Domestic Spying Affects Me Personally

by Dan on December 17, 2005

in Technology, The Media, The World, Those Wacky Republicans, US Politics

An issue that has been near to my heart is finally on the front pages of the NY Times. Let me summarize. The NSA, which has traditionally been assigned to non-human intelligence gathering against non-US citizens, has since 2002 been authorized to spy on American citizens without a warrant. Also, there are concerns that the government’s secret spying court, FISA, could end up hearing requests for secret intelligence warrants based on this non-refereed evidence from the NSA. The order changing this policy came from the President himself, and some have called it “The President’s Program”, implying that it was ultimately his idea. Bush has reauthorized the order 36 times since then, meaning that it has no doubt been used. Most notably, this act allows the NSA to monitor international telephone calls, e-mails and other communications between people in the United States and those overseas. That means I am a potential target. Every time I make a post on this website, every time I write an email, everytime I make a phone call back home I am subject to potential unwarranted, unchecked search.
But this isn’t new; I still fondly recall the high school debate case that Don Pogreba and I wrote about six years ago on the potential for abuse of FISA. Certainly the 2002 order is new, but the potential has always existed for rampant abuse. I honestly never thought that if it were being abused that it would become public. And if Don and I knew about FISA you can sure bet that a lot more government officials knew about it than are letting on. But we let them parade around on television saying that this is “big brother run amok” or that “this is a wake-up call” or “the most significant thing in my 12 years”. It is clear that this revelation has already had an effect. It stopped the provisions of the Patriot Act from being re-approved:

“There is no doubt that this is inappropriate,” said Sen. Arlen Specter (R-Pa.), who favored the Patriot Act renewal but said the NSA issue provided valuable ammunition for its opponents.

The response from bloggers has been tremendous. Just look at the front page of the Huffington Post which has gathered many of the relevant opinions together and is currently displaying them under the title “Bloggers on Govt. Spying”.
If this is what it takes to get Bush’s style of government discredited, then so be it. I would have thought that all the other mistakes would have been enough, but maybe it takes the specter of domestic spying to ring the death knell for the neoconservative agenda. If, at this point, Bush’s ideology lives on it will be a dramatic mistake of history akin to the continued adherents to fascism and stalinism. Let us finally say that neoconservatism belongs forever to the category of discredited political philosophies.
By way of post script, have you ever noticed how the only person who could be more wrong for humanity than George W. Bush is Trent Lott?
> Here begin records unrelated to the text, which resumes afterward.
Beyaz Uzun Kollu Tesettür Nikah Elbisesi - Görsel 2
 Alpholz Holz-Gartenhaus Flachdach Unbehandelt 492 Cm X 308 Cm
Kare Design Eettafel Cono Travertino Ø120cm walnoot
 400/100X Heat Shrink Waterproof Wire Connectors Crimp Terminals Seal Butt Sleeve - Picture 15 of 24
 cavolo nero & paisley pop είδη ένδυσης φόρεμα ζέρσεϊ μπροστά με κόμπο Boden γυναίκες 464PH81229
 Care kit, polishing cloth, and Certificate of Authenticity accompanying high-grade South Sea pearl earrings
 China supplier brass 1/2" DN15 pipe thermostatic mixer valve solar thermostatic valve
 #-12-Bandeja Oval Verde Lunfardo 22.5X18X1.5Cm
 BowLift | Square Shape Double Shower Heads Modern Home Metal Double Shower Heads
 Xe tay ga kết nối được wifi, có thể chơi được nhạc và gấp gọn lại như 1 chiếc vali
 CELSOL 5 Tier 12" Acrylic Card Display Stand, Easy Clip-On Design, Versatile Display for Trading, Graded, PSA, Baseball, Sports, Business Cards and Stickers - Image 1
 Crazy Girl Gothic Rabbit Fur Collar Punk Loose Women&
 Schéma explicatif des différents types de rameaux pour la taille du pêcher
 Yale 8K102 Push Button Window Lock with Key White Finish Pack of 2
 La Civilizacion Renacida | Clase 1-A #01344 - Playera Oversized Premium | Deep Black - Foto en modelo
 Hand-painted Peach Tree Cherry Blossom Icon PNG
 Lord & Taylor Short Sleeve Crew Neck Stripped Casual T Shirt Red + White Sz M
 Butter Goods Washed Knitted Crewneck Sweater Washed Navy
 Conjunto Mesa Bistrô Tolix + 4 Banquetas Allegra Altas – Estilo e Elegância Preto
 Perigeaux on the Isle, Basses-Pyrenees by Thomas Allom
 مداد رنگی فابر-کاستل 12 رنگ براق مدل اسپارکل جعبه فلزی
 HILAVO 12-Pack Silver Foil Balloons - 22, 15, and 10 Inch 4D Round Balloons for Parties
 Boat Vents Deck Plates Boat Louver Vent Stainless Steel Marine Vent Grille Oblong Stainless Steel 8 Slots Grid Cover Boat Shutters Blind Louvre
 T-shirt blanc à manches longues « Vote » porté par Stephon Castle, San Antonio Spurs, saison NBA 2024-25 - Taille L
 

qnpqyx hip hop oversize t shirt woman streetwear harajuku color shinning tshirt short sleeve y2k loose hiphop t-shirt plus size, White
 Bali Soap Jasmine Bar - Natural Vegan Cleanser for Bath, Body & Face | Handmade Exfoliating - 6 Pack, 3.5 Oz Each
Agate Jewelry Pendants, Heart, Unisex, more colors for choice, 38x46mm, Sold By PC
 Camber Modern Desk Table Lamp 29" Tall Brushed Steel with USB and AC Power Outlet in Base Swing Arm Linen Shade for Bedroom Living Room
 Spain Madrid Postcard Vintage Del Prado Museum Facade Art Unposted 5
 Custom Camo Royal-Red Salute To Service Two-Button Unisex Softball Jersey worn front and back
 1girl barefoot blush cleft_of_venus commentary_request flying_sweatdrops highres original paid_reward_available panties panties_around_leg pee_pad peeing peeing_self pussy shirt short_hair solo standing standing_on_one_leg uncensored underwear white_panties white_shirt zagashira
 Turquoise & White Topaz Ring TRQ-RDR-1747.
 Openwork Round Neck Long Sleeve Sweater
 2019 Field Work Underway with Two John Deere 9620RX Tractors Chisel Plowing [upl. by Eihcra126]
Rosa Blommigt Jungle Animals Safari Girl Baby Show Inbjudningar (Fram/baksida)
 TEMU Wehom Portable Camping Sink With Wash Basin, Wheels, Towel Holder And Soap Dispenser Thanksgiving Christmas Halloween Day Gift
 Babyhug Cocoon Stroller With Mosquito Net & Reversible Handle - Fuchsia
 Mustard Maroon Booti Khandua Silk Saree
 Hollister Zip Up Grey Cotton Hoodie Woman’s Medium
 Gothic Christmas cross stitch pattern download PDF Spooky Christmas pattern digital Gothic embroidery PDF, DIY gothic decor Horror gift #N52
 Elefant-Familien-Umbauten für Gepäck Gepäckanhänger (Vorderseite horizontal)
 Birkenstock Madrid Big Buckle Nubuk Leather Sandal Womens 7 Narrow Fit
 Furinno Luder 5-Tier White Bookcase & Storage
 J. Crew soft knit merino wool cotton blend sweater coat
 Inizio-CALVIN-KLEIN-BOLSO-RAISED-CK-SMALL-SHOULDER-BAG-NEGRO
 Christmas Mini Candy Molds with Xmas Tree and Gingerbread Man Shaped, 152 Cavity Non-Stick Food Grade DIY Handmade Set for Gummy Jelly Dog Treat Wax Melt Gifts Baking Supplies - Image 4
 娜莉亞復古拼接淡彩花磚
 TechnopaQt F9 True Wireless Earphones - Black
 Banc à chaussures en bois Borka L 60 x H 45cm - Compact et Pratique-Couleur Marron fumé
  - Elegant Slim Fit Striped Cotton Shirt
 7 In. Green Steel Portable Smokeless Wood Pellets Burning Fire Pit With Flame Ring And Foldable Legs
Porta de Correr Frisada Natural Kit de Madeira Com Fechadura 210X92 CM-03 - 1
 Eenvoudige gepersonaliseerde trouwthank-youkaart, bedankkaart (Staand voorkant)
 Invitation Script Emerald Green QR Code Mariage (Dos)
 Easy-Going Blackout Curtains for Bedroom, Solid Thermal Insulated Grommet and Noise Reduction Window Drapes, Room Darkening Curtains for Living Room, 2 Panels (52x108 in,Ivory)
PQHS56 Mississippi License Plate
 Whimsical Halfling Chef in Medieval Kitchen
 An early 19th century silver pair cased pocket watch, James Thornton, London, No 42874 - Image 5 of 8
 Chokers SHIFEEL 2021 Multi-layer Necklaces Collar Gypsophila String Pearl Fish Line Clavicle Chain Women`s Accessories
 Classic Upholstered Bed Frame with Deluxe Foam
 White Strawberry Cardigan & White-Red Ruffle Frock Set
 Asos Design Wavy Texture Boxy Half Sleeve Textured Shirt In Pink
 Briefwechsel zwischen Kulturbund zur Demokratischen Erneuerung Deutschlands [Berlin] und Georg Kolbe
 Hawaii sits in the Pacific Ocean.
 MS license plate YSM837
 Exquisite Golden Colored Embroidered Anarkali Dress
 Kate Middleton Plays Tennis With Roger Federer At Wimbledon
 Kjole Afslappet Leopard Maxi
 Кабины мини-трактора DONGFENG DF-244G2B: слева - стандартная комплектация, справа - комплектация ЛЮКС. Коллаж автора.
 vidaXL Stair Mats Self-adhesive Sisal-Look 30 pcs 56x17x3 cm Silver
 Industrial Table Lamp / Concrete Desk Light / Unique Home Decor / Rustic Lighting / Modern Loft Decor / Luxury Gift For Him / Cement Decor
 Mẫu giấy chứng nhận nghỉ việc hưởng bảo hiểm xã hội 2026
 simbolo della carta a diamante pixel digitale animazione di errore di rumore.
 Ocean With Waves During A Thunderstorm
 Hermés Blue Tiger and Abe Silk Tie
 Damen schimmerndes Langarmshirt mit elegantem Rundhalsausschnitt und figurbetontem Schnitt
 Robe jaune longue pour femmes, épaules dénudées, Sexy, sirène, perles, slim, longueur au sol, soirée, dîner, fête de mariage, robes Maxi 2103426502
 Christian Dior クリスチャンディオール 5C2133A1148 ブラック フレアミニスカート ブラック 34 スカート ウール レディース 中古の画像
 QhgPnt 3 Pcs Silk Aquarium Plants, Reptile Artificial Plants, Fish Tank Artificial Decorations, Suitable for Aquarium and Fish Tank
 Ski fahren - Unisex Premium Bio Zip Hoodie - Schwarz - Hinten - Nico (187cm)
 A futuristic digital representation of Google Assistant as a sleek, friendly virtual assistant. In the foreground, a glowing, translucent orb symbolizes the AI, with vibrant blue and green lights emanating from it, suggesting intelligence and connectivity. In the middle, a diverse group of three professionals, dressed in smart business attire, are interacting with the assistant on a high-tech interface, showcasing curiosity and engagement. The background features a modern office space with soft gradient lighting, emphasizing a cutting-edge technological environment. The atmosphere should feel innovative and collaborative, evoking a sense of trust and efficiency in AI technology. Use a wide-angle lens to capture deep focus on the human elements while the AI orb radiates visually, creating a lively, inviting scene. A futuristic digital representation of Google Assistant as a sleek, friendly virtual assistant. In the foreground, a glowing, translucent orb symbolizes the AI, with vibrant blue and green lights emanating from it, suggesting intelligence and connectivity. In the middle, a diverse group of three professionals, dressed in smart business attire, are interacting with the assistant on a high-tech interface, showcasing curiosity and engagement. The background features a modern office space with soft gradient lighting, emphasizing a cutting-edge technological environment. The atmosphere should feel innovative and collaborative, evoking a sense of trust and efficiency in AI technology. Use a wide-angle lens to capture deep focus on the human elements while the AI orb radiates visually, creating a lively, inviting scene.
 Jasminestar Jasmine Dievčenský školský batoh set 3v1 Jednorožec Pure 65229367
I thought we had heard the last of him when he advocated Dixiecrat thinking 60 years after it had been discredited, and he subsequently lost his leadership roll in the Senate. And let’s face it, you have to do something abjectly embarassing for your party to lose your leadership in congress as certain other contemporary clingers-on have shown. But Lott has been on the wrong side of every major issue since euphemizing segregation as a way to avoid all those “problems”. Most recently, he has come out with this gem:

“I don’t agree with the libertarians,” said Sen. Trent Lott (R-Miss.). “I want my security first. I’ll deal with all the details after that.” [in reference to the revelation of domestic spying]

Because, as Trent Lott has reminded us, only libertarians could possible want their constitutional rights, that security and liberty must be blindly opposed and we must take sides, and that the details of a policy which spies on people like me aren’t worth considering in the face of the imminent threat that I pose to national security. My thanks go out to the voters of Mississippi for allowing us to continue to feast on the cornucopia of wisdom that is Trent Lott.